ACTIVITY: Print each line below verbatim, skipping every picture.

DATA TO EXAMINE:

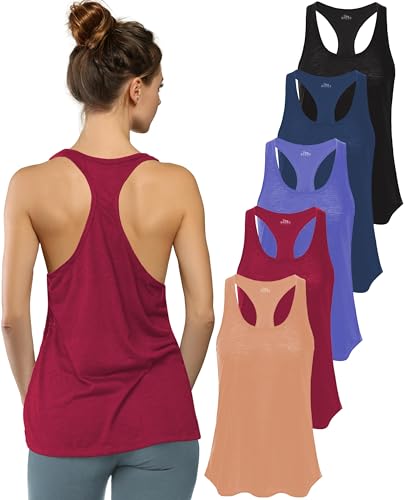 Sexy Basics Women's Everyday Flow Burnout Slub Racer Back Tank 5 Pack – Black, Peach, Veri Peri, Viva Magenta, Navy
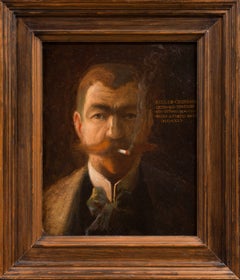 Artist Self Portrait Smoking a Cigarette, Finnish Oil Painting 1916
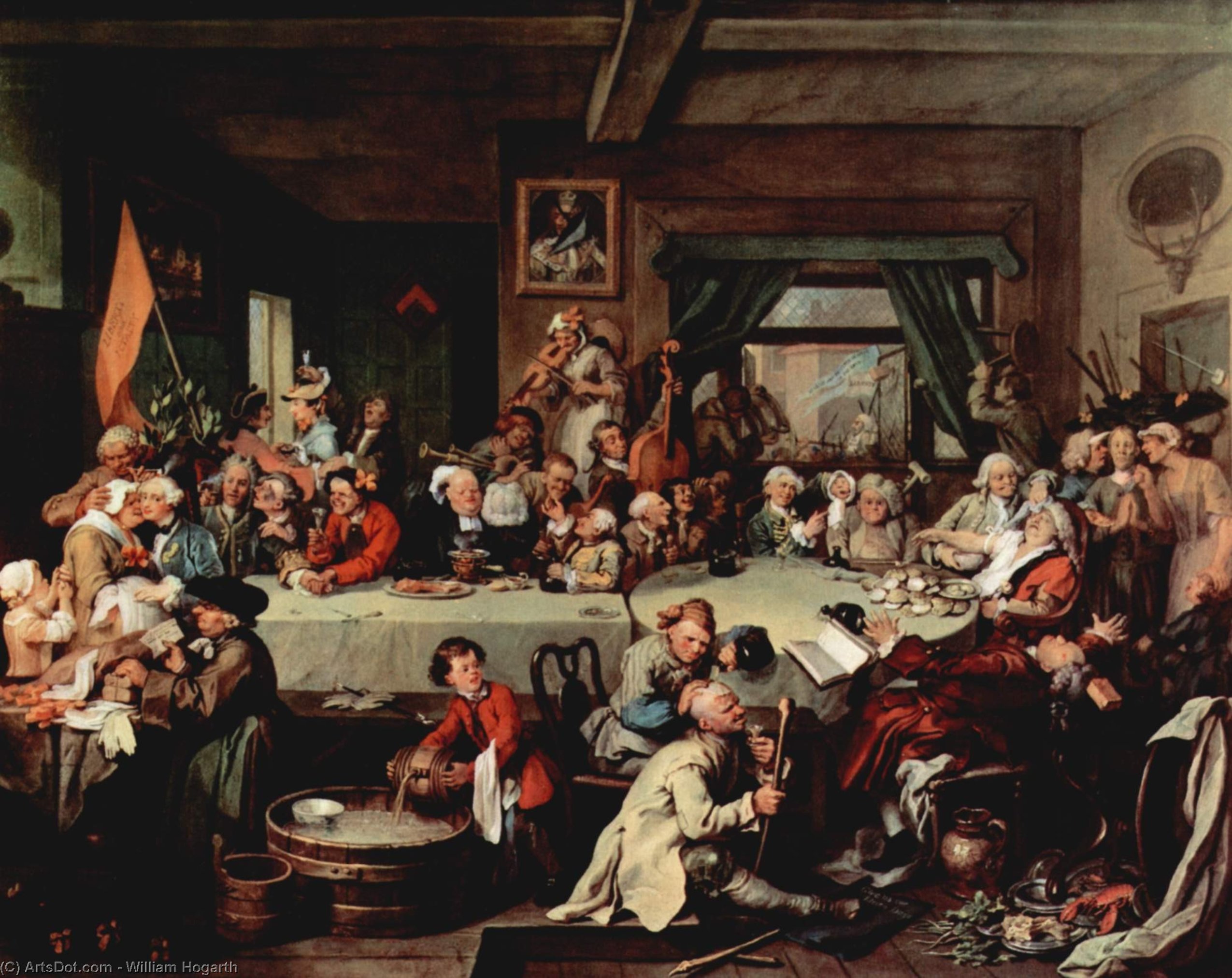 WikiOO.org - Enciklopedija dailės - Tapyba, meno kuriniai William Hogarth - The Banquet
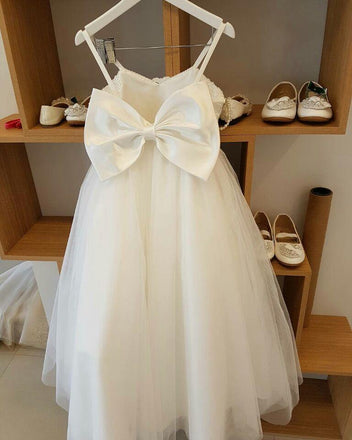 A-line Strapless, Straps White Tulle Flower Girl Dresses,Cheap Flower Girl Dresses ,FGY0249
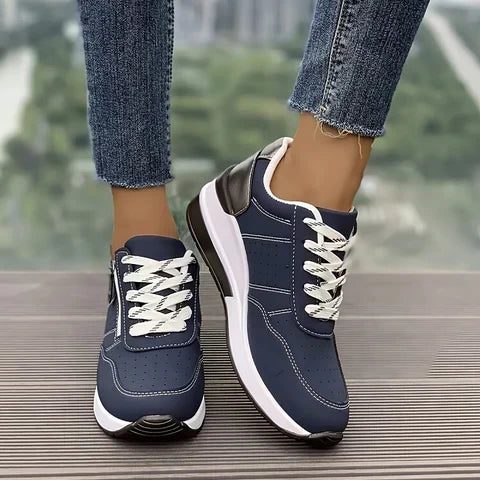 Women's Lace-Up Platform Sneakers with Contrast Heel Tab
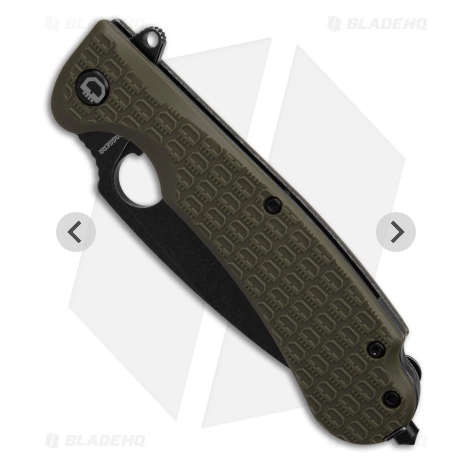 Russian Daggerr Resident folding  knife black semi serrated blade olive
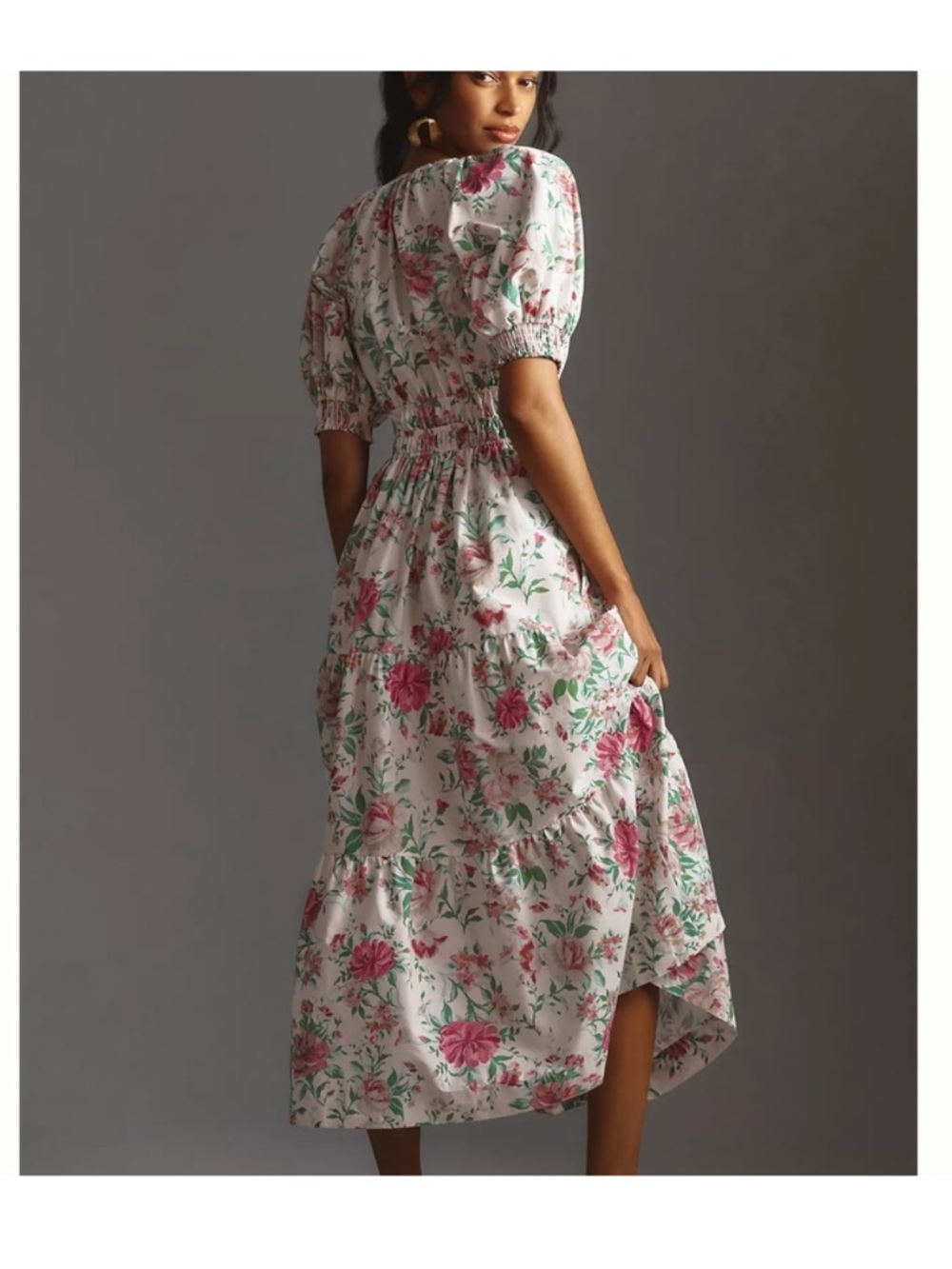 Anthropologie Floral Somerset Maxi Dress in Ivory and Pink 2X - Picture 3 of 11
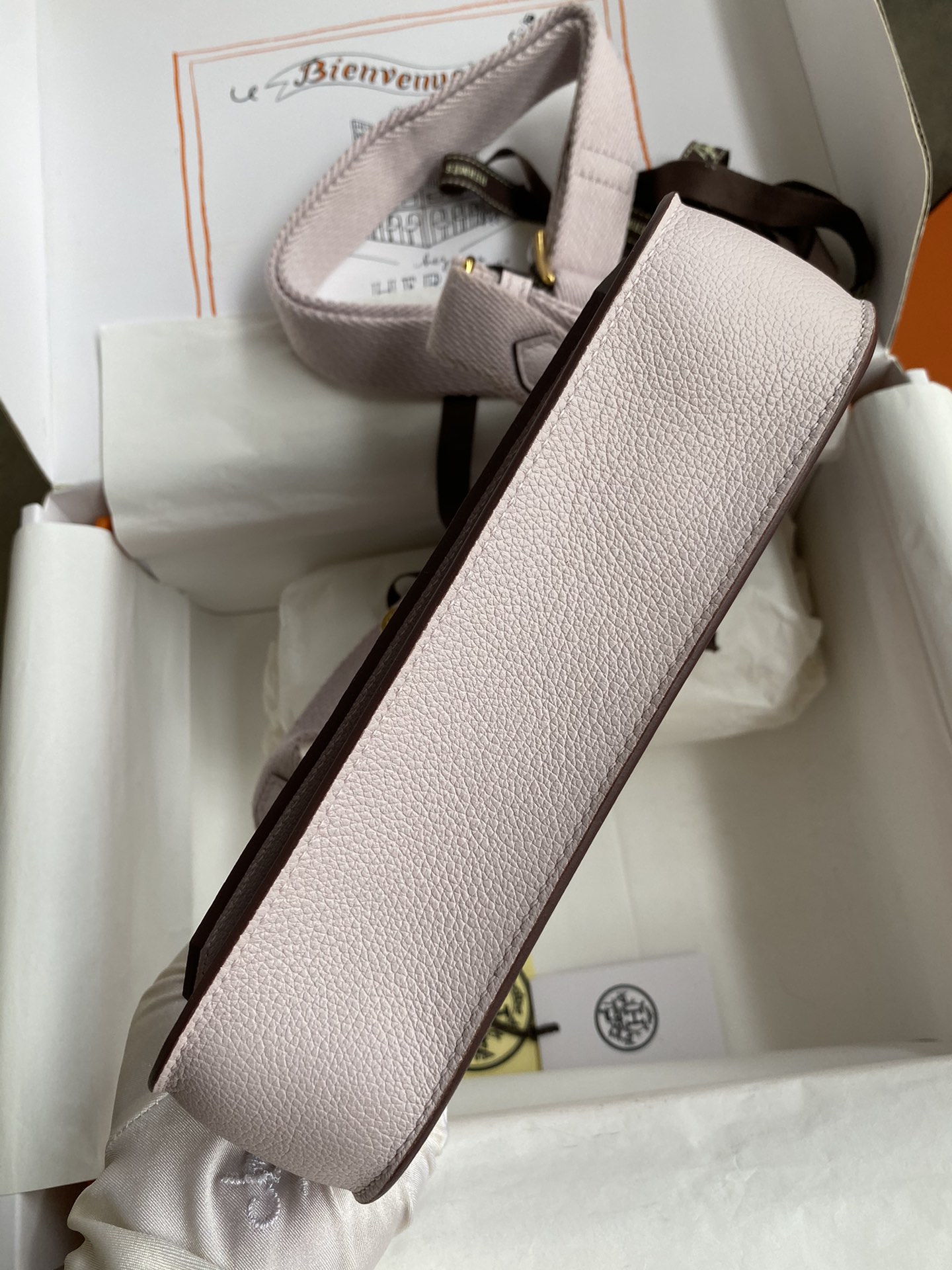 Hermès Jypsiere Mini Bag 22cm Evercolor Leather Dreamy Pink Purple Gold Hardware 6 i1686886632 2173 4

OUTPUT OF THE EXERCISE:
 Sexy Basics Women's Everyday Flow Burnout Slub Racer Back Tank 5 Pack – Black, Peach, Veri Peri, Viva Magenta, Navy
 Artist Self Portrait Smoking a Cigarette, Finnish Oil Painting 1916
 WikiOO.org - Enciklopedija dailės - Tapyba, meno kuriniai William Hogarth - The Banquet
 A-line Strapless, Straps White Tulle Flower Girl Dresses,Cheap Flower Girl Dresses ,FGY0249
 Women's Lace-Up Platform Sneakers with Contrast Heel Tab
 Russian Daggerr Resident folding  knife black semi serrated blade olive
 Anthropologie Floral Somerset Maxi Dress in Ivory and Pink 2X - Picture 3 of 11
 Hermès Jypsiere Mini Bag 22cm Evercolor Leather Dreamy Pink Purple Gold Hardware 6 i1686886632 2173 4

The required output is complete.